FriendFeed: If Twitter’s too mainstream for you, you can find a subset of tweets using FriendFeed,
an identity aggregator that lets you publish updates from a range of
social media sites including Twitter, Flickr, del.icio.us, digg,
StumbleUpon, your blog, and dozens of other sources. Then you can
befriend others and follow all their feeds. It’s similar to Plaxo Pulse,
but at Plaxo, you need to log in to search, and you can only search
your friends’ posts. You don’t even have to be registered with
FriendFeed to search it; just click the "everyone" tab on the homepage
and enter a search. While the majority of results in FriendFeed tend to
come from Twitter for any query, the other social media listings
provide a broader perspective of what’s being said and shared.
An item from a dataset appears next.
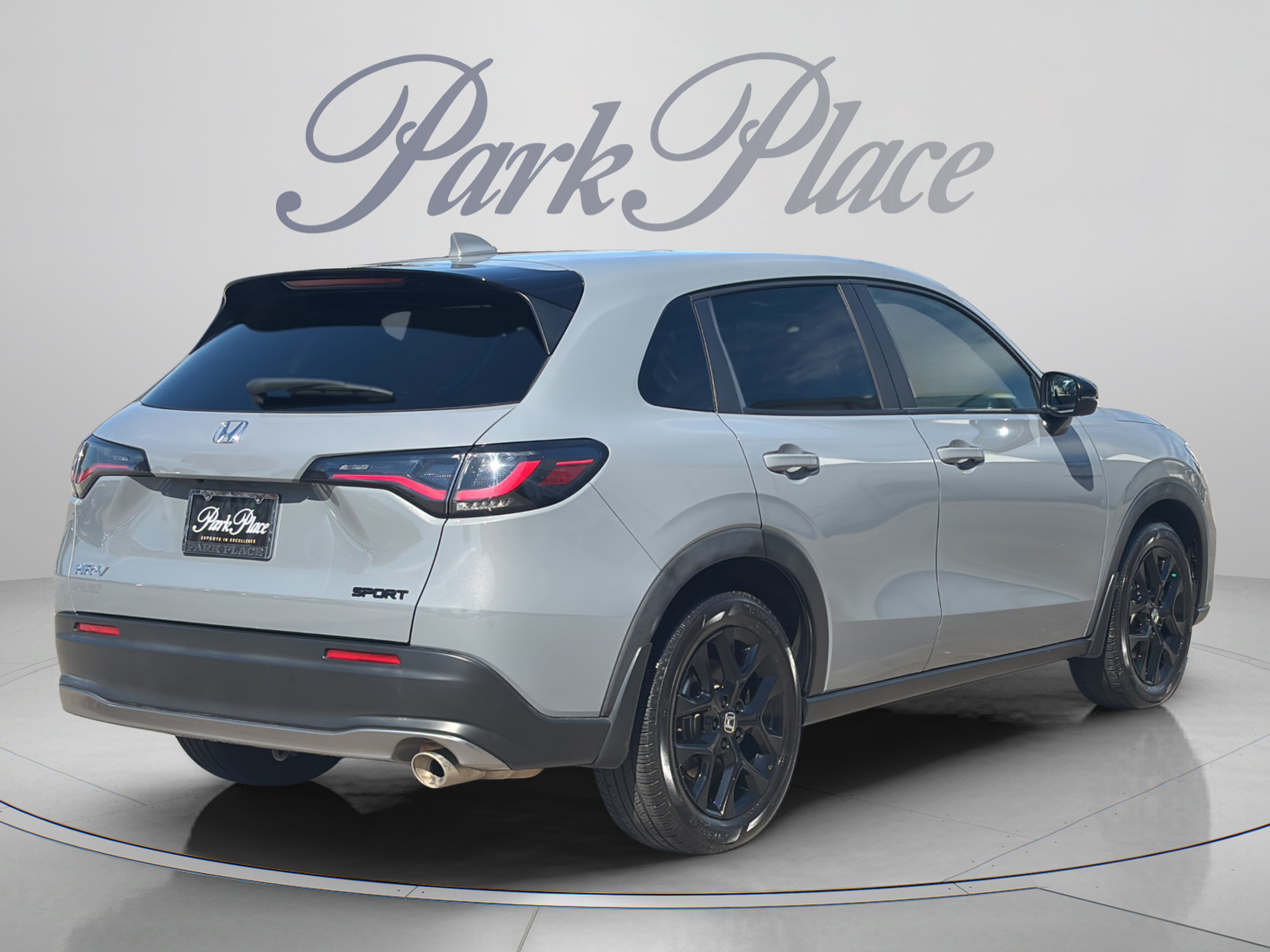 Used 2025 Honda HR-V Sport image 6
Quotably: If you’re looking to follow conversations and not just posts, turn to Quotably,
which semi-reliably groups conversations together. On Twitter, people
direct public responses to each other by writing "@username" and the
message, replacing "username" with a person’s Twitter name. Those
messages are public, so if the recipient is closely monitoring Twitter,
he or she will find it. Quotably compiles those threads. To see it in
action, enter a username such as comcastcares or hrblock,
as such marketers are actively engaging in conversations. You can also
run a search on any keyword, but you’re more likely to find a series of
one-off posts rather than discussion threads.

With these tools, it’s now possible to monitor the conversations. That’s the first step before deciding whether to join them.